Abbas was re-elected by consensus, party spokesman Mahmoud Abu al-Hija said, and was due to address the congress at 6:00 pm (1600 GMT). Some 1,400 delegates were attending.
The election of members of Fatah´s parliament and its central committee over the five-day conference will signal the direction the oldest Palestinian party will take at a time when Abbas is weakened by his own unpopularity and internal dissent.
While the ageing leader has said he has no intention of stepping aside anytime soon, talk of who will eventually succeed him as Palestinian president has intensified. He has not publicly designated a successor.
Some analysts see the congress as an attempt by Abbas to marginalise political opponents, including longtime rival Mohammed Dahlan, currently in exile in the United Arab Emirates.
Observers have seen the reduced number of officials to vote -- down from more than 2,000 in 2009 -- as part of a move to exclude Dahlan supporters.
Dimitri Diliani, elected to Fatah´s revolutionary council, or parliament, in 2009, said he was not invited to the congress like dozens of others because "we bring a different voice."
He said a press conference set for a refugee camp near Ramallah on Tuesday with those recently dismissed from the party had been called off after threats "from the security services," including death threats.

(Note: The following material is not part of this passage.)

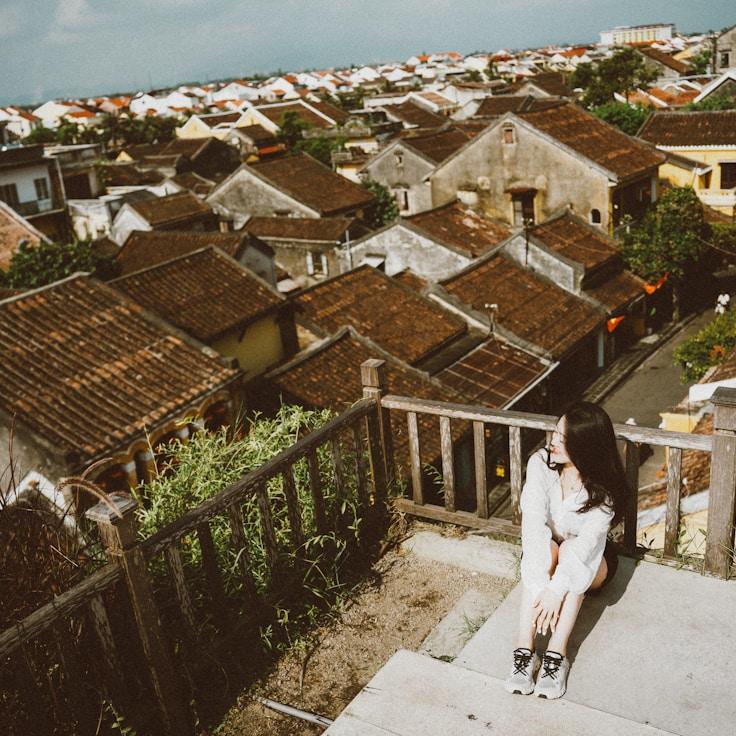 Outdoor terrace seating suitable for families in Amsterdam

Jibril Rajoub, a former intelligence chief, current head of the Palestinian Football Association and Fatah central committee member, acknowledged "opponents and dissidents" had not been invited, but said "the priority is to hold the congress."
Rajoub also said the gathering will provide an opportunity to update the party´s structures.
"We have to take into account the current circumstances. The current system was created when we were in the diaspora and we are now on national soil. It was put in place at a revolutionary stage. Now we have a state."